Applicate nel nostro paese, le primarie americane assumono un aspetto diverso. Nel Pd colgono l’obbiettivo di accendere l’attenzione dell’opinione pubblica ma diventano l’occasione di una conta del tradizionale apparato interno del partito. Pierluigi Bersani ha preannunciato che ai gazebo andranno a votare uno o due milioni di persone. Cioè il numero chiuso e costante degli iscritti della Cgil e dei militanti inquadrati nei gruppi che fanno capo all’attuale gruppo dirigente vicino al segretario. Cioè la vecchia guardia inamovibile del popolo della sinistra ortodossa a cui non si aggiungerà, a causa delle regole adottate per non favorire lo sfidante Matteo Renzi, la presunta gente nova del sindaco di Firenze. In pratica, quindi, le primarie del Pd serviranno solo ad incoronare candidato premier Pierluigi Bersani, a ricontare  e ricompattare i fedelissimi di sempre  ed a creare una frattura, probabilmente incolmabile, tra questi ultimi ed i sostenitori esterni del corpo estraneo Matteo Renzi.

Addirittura peggiore è invece l’effetto generale che l’adozione delle primarie rischia di provocare al Pdl. Perché nel partito berlusconiano non c’è una vecchia guardia inquadrata in inesistenti organizzazioni sindacali collatelari da rimobilitare ma solo pacchetti di tessere vuote che non producono entusiasmi di sorta. E soprattutto perché nessuno tra vecchi elettori ed i vecchi simpatizzanti del Pdl (quelli che avevano portato il partito a superare il 35 per cento dei consensi nelle passate elezioni) si sente coinvolto in una operazione che appare diretta esclusivamente a confermare dal basso  il ruolo già ottenuto dall’alto dal segretario Angelino Alfano. Il tutto in un clima di sostanziale smobilitazione dei quadri dirigenti e nel timore generale di celebrare un rito inutile per un partito che a dicembre potrebbe essere addirittura essere scomparso e sostituito da due o più liste diverse.

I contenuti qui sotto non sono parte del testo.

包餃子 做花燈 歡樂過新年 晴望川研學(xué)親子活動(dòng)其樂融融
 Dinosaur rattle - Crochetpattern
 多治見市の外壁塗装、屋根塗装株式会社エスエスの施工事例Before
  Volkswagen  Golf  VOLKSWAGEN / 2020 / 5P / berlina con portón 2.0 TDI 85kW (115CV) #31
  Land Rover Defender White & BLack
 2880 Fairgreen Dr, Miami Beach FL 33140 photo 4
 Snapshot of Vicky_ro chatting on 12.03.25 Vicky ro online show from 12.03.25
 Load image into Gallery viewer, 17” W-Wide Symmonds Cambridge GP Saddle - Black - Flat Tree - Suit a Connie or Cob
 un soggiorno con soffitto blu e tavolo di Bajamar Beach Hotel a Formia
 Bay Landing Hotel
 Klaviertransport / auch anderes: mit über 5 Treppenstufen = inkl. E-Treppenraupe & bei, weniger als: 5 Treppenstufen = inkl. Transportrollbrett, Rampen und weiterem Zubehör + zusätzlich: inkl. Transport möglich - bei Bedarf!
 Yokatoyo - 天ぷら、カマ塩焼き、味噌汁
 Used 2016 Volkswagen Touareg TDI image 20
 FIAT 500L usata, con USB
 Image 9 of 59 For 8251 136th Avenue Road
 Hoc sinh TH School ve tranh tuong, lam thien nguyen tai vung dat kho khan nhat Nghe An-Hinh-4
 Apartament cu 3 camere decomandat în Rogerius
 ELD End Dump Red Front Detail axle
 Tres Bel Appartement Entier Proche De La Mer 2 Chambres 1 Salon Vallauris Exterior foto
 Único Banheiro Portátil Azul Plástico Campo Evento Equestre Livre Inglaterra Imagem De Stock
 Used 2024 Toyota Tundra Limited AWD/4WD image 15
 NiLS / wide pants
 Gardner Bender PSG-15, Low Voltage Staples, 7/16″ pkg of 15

È molto difficile, allora, che le primarie del Pdl possano diventare uno stimolo per la ripresa ed il rilancio del partito. Ed è quasi certo che non riescano ad accendere l’attenzione dell’opinione pubblica risvegliando gli entusiasmi sopiti di un popolo del centro destra che non è solo deluso per il declino del berlusconismo ma che è anche frastornato dai segnali di impotenza e di contraddittorietà che vengono giornalmente dai massimi dirigenti del partito.

Sia per il Pd , sia per il Pdl, quindi, le primarie rappresentano un pericolo e non una opportunità. Il ché può far riflettere sullo sfaldamento in atto del modello dei partiti della Seconda Repubblica ma non può provocare l’interruzione di una corsa ormai avviata.

Ognuno si affretti a celebrare il più celermente possibile le proprie primarie. Ma con l’idea della riduzione del danno e non con la pretesa di imitare Obama!